- Born: 1952 (age 73–74) Cincinnati, Ohio, united States
- Known for: Painting sculpture
- Website: Official website

= Darryl Pottorf =

American artist (born 1952)

Darryl Pottorf (born July 16, 1952, in Cincinnati, Ohio) is an American visual artist.

He grew up in the suburbs of Cincinnati. He studied art, dance, and art history at the University of South Florida from which he received a BA. Pottorf then studied in Florence, Italy for four years through a special program organized by Florida State University. During this period he also worked as a research assistant to Fred Licht for his book Goya and The Modern Tradition and participated in an archeological dig concentrated upon Etruscan artifacts.

Pottorf who was at first Robert Rauschenberg's studio assistant, became for the last twenty-five years of the assemblage practitioner, guiding light of neo-dada, Pop art precursor's life-partner as well as his sometimes artistic collaborator. He also owned a print company with Rauschenberg.
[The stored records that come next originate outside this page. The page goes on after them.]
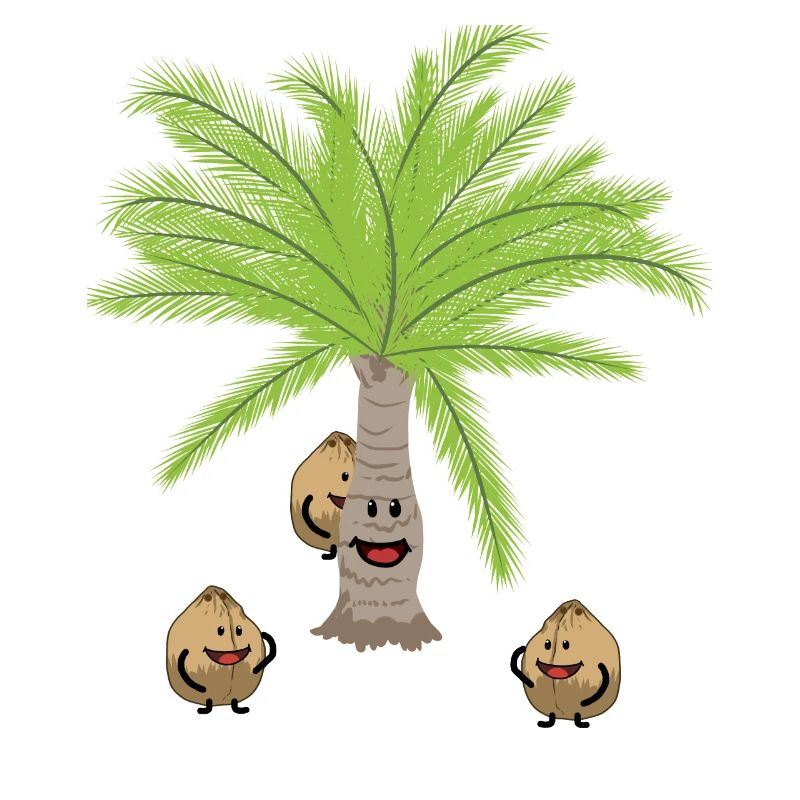Coconut Palm Trees Nut Nuts Botanical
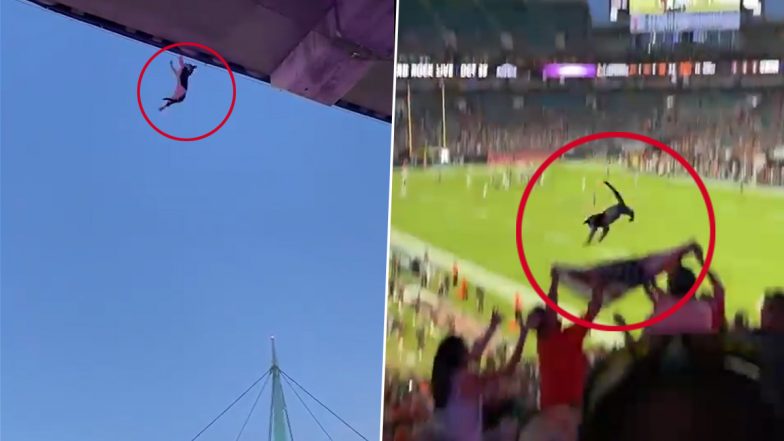 Florida Football Fans Use USA Flag To Rescue Cat Falling From Stands (Watch Video)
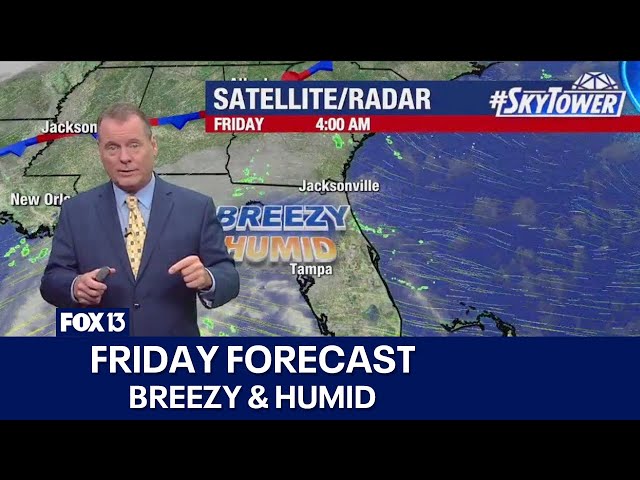 ⁣Tampa weather | Breezy & Humid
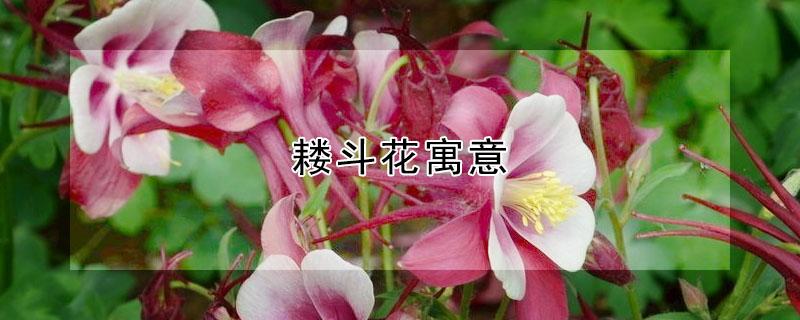 耧斗花寓意(耧斗花的花语是什么)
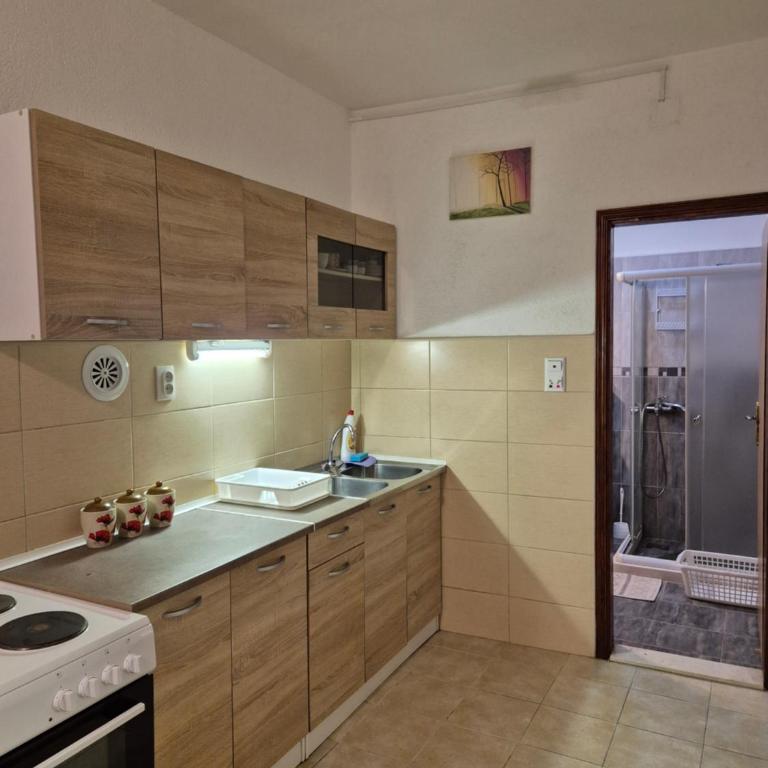 Apartmani MILOVIC - Deluks Porodični Apartman Tipa "Suite" - 5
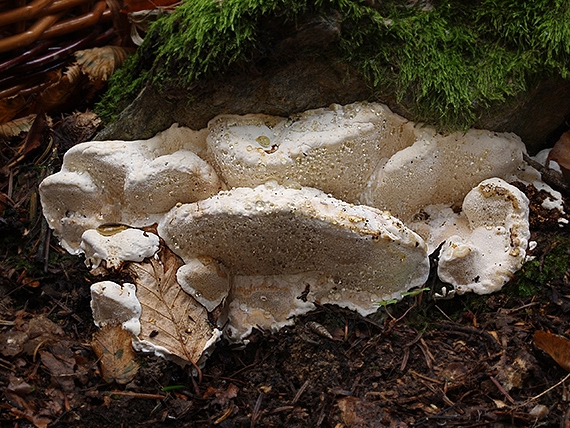 práchnovček pásikavý Fomitopsis pinicola (Sw.) P. Karst.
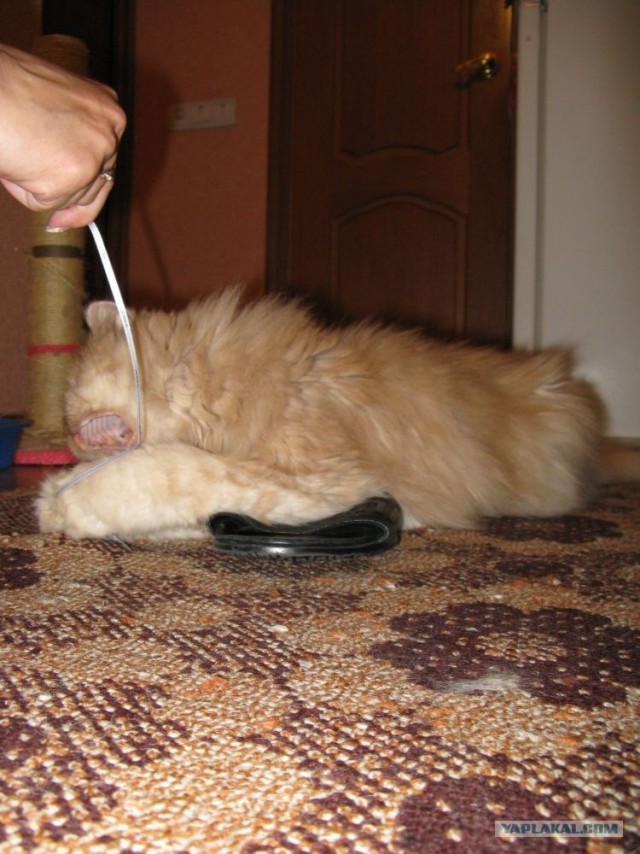 Котовторник 10. 07. 2012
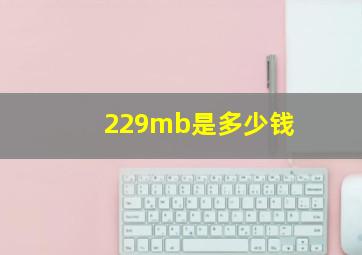 229mb是多少钱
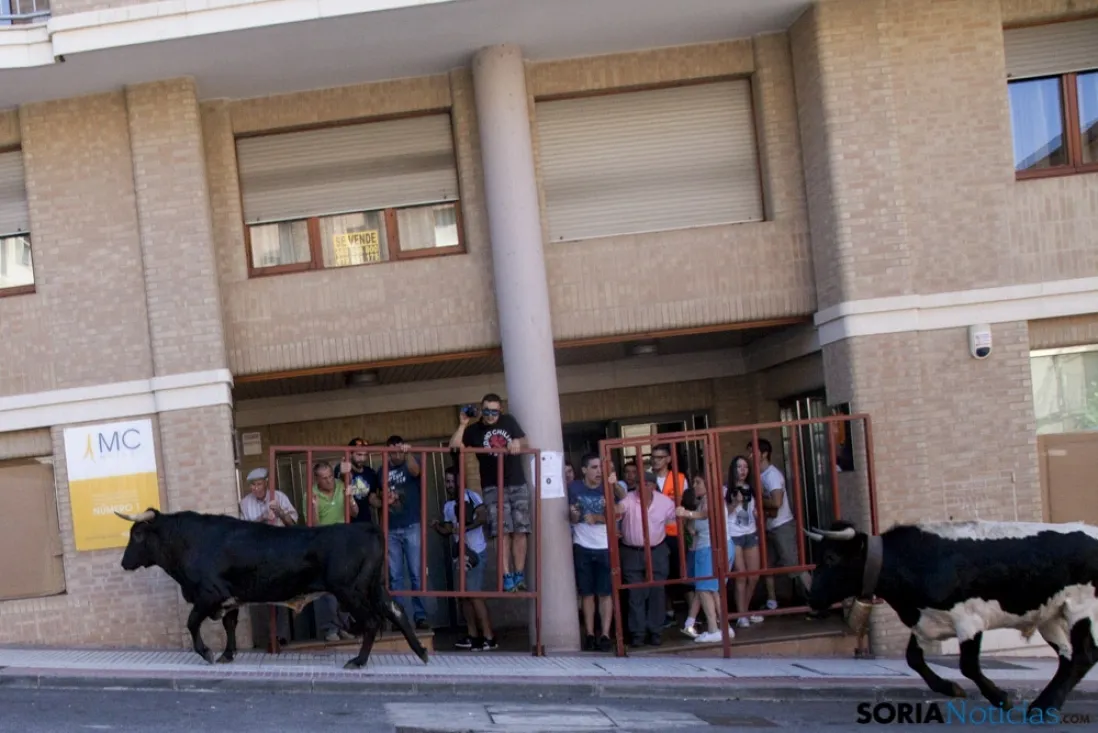 Encierro / María Ferrer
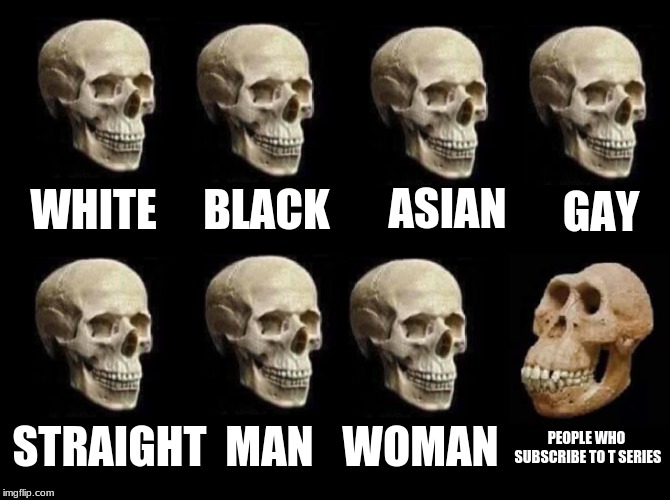 GAY; WHITE; BLACK; ASIAN; STRAIGHT; MAN; PEOPLE WHO SUBSCRIBE TO T SERIES; WOMAN | image tagged in man woman gay straight skull | made w/ Imgflip meme maker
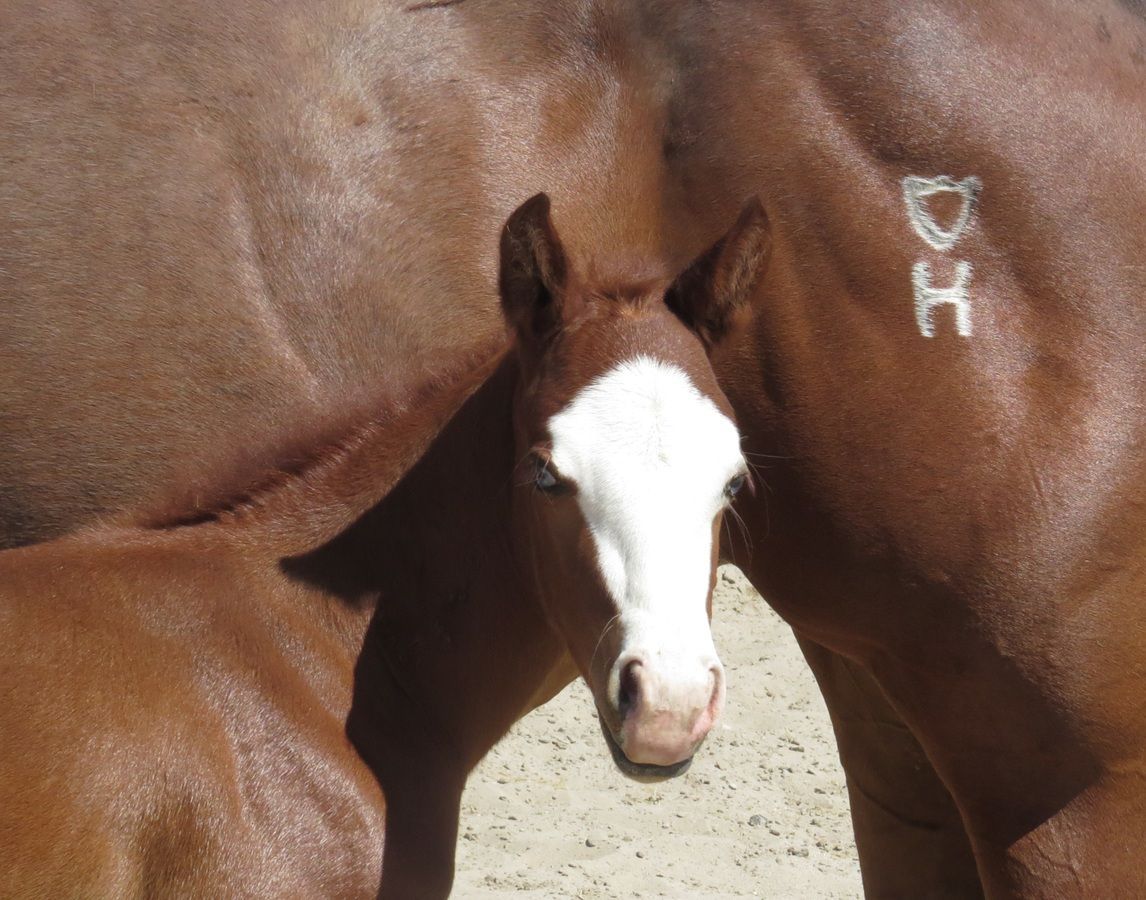Brown horse with a white blaze nuzzling another horse, close-up in sunlight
From March 13 until May 18, 2008, Pottorf's work was the subject of a solo exhibition at the
Institut Valencià d'Art Modern (IVAN), curated by Barbara Rose and Consuelo Cisar, in Valencia, Spain. From April 8 to July 15, 2017, Potorff's work was on view in the solo exhibition "Unerased Journeys: A Survey of Works by Darryl Pottorf" at the Museum of Outdoor Arts in Englewood, Colorado.
  In June 2026 a solo exhibition of his work was mounted at Stirner Modern in Easton, Pennsylvania.

Pottorf's work is included in the peramnent collection oif the National Gallery of Art in Washington DC.